I have a piece of code to use the RTTI as case selector

#include <iostream>
#include <vector>
#include <typeinfo>
#include <complex>
#include <algorithm>

using namespace std;

typedef complex<int> data;
typedef std::vector< data > List;

template <typename T> void zeros(T &v)
{
  if (typeid(typename T::value_type)==typeid(complex<int>))
    std::fill(v.begin(), v.end(), complex<int>(0, 0));
  else std::fill(v.begin(), v.end(), static_cast<typename T::value_type>(0));
}

int main(int argc, char *argv[])
{
  List A;

  zeros(A);
  return 0;
}

In above code, I use typename T::value_type to determine the data type of the list, if there is complex then I will fill the list with complex zero. Otherwise, make it zero of the corresponding type. In above code, if I set data to be int, it does compile and run without any problem. But if I set it another other type, it fail to compile. I wonder if there is any way to make above code work for different type of data (for float, double, long, int, complex, complex and complex).
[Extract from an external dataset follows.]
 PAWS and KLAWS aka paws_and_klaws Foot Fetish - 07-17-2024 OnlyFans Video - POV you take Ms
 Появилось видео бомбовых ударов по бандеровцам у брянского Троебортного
p.s. the reason I want to fill the vector in two cases because I am going to create my own complex for some reason and I have to tell the code how to create the complex zero or real zero. But for testing, I can't even make it work with built-in datatype

Was it helpful?

Solution

It seems that you want both a default initialized complex (0, 0), and a zero initialized int. You can achieve this using value initialization:

template <typename T> void zeros(T &v)
{
    std::fill(v.begin(), v.end(), typename T::value_type{});
}

If you really want to perform some branching depending on what is T::value_type, then it would be better to use some type trait, like the following one:

template<typename T>
struct default_value {
    static const T value;
};

template<>
struct default_value<std::complex<int>> { // assuming you'll use other complex type
    static const std::complex<int> value;
};

template<typename T>
const T default_value<T>::value = T{};
const std::complex<int> default_value<std::complex<int>>::value = std::complex<int>(0, 0);

// now use it
template <typename T> void zeros(T &v)
{
    std::fill(v.begin(), v.end(), default_value<typename T::value_type>::value);
}

But again, default construction and value initialization for built in types should be enough.